Clean the table, encode features, hold out one day for testing, compute entropy and information gain by hand, fit a decision tree, score the test row, then compare with an equivalent deeper “Sunny → Wind” rule set.
Everything below hangs on this one supervised problem. Rows are past days; columns Sky and Wind strong? are inputs; Play outside? is the label we want the tree to learn.
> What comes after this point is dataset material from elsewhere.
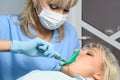 Dentist with patient, installation of rubber dam Royalty Free Stock Photo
After training, a new day’s sky and wind will be dropped at the root and routed to a leaf — that leaf is the prediction.
Step 1 · Supervised setup
Supervised learning means every training row includes the correct answer y (here, play or not). The job of the tree is to memorize patterns that generalize: if we only memorized row IDs, a new day would be hopeless. Instead we memorize questions on Sky and Wind that reproduce the labels on the training table.
Step 2 · The dataset
Two inputs keep the arithmetic human-sized. “Wind strong?” is Yes/No. Sky uses three categories — but every split in a binary tree only compares one condition at a node (for example “is it sunny?” vs “not sunny,” which groups cloud and rain together for that decision).
| Day | Sky | Wind strong? | Play outside? |
|---|---|---|---|
| 1 | Sunny | No | Yes |
| 2 | Sunny | Yes | No |
| 3 | Rain | No | Yes |
| 4 | Rain | Yes | No |
| 5 | Cloudy | No | Yes |
| 6 | Cloudy | Yes | No |
The full pipeline below treats this table as the only source of truth: we clean and encode it, hold out one day, then use entropy and information gain exactly as in ID3/CART lectures to justify which question belongs at the root.
Step 3 · Data cleaning
Sunny, Rain, or Cloudy.Yes/No for wind and play (reject empty strings).(Day) — none here.Step 4 · Encoding
Binary entropy below uses counts of the positive class (Play = Yes). Wind is encoded as 1 = strong, 0 = calm. For root-split candidates we compare (a) “Wind strong?” and (b) “Sunny?” where Sunny = 1 and not-sunny = 0.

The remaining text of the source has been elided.